• [EXERCISE DESCRIPTION] Print only the closing part of the entries. It starts at the line containing "Dolman-sleeve sweater Black" and includes the final line, exactly as written.

Items from a data source:
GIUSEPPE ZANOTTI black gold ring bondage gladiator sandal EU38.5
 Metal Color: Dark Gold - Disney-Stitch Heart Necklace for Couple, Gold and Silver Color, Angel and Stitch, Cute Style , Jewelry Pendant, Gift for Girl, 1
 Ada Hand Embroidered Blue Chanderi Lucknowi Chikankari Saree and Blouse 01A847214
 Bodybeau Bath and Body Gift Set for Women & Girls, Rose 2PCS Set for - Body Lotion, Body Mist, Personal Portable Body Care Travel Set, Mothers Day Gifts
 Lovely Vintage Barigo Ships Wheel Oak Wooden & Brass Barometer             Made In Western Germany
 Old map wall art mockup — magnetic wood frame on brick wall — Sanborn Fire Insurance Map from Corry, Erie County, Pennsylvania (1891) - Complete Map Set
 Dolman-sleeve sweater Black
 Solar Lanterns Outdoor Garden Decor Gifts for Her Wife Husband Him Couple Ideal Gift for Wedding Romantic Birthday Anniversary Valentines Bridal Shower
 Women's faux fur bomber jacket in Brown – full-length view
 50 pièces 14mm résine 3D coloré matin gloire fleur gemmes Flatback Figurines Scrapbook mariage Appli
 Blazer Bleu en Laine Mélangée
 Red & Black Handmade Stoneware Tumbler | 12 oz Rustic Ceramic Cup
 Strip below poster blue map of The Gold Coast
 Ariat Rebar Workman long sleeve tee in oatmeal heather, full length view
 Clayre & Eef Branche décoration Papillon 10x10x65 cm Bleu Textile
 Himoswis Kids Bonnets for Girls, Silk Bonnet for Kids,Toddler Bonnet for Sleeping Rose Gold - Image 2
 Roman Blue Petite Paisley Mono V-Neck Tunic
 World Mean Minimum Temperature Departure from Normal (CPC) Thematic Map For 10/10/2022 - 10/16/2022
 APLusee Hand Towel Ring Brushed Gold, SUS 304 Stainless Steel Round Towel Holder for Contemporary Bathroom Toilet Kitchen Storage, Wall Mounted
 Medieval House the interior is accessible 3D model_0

• [REPLY]
 Dolman-sleeve sweater Black
 Solar Lanterns Outdoor Garden Decor Gifts for Her Wife Husband Him Couple Ideal Gift for Wedding Romantic Birthday Anniversary Valentines Bridal Shower
 Women's faux fur bomber jacket in Brown – full-length view
 50 pièces 14mm résine 3D coloré matin gloire fleur gemmes Flatback Figurines Scrapbook mariage Appli
 Blazer Bleu en Laine Mélangée
 Red & Black Handmade Stoneware Tumbler | 12 oz Rustic Ceramic Cup
 Strip below poster blue map of The Gold Coast
 Ariat Rebar Workman long sleeve tee in oatmeal heather, full length view
 Clayre & Eef Branche décoration Papillon 10x10x65 cm Bleu Textile
 Himoswis Kids Bonnets for Girls, Silk Bonnet for Kids,Toddler Bonnet for Sleeping Rose Gold - Image 2
 Roman Blue Petite Paisley Mono V-Neck Tunic
 World Mean Minimum Temperature Departure from Normal (CPC) Thematic Map For 10/10/2022 - 10/16/2022
 APLusee Hand Towel Ring Brushed Gold, SUS 304 Stainless Steel Round Towel Holder for Contemporary Bathroom Toilet Kitchen Storage, Wall Mounted
 Medieval House the interior is accessible 3D model_0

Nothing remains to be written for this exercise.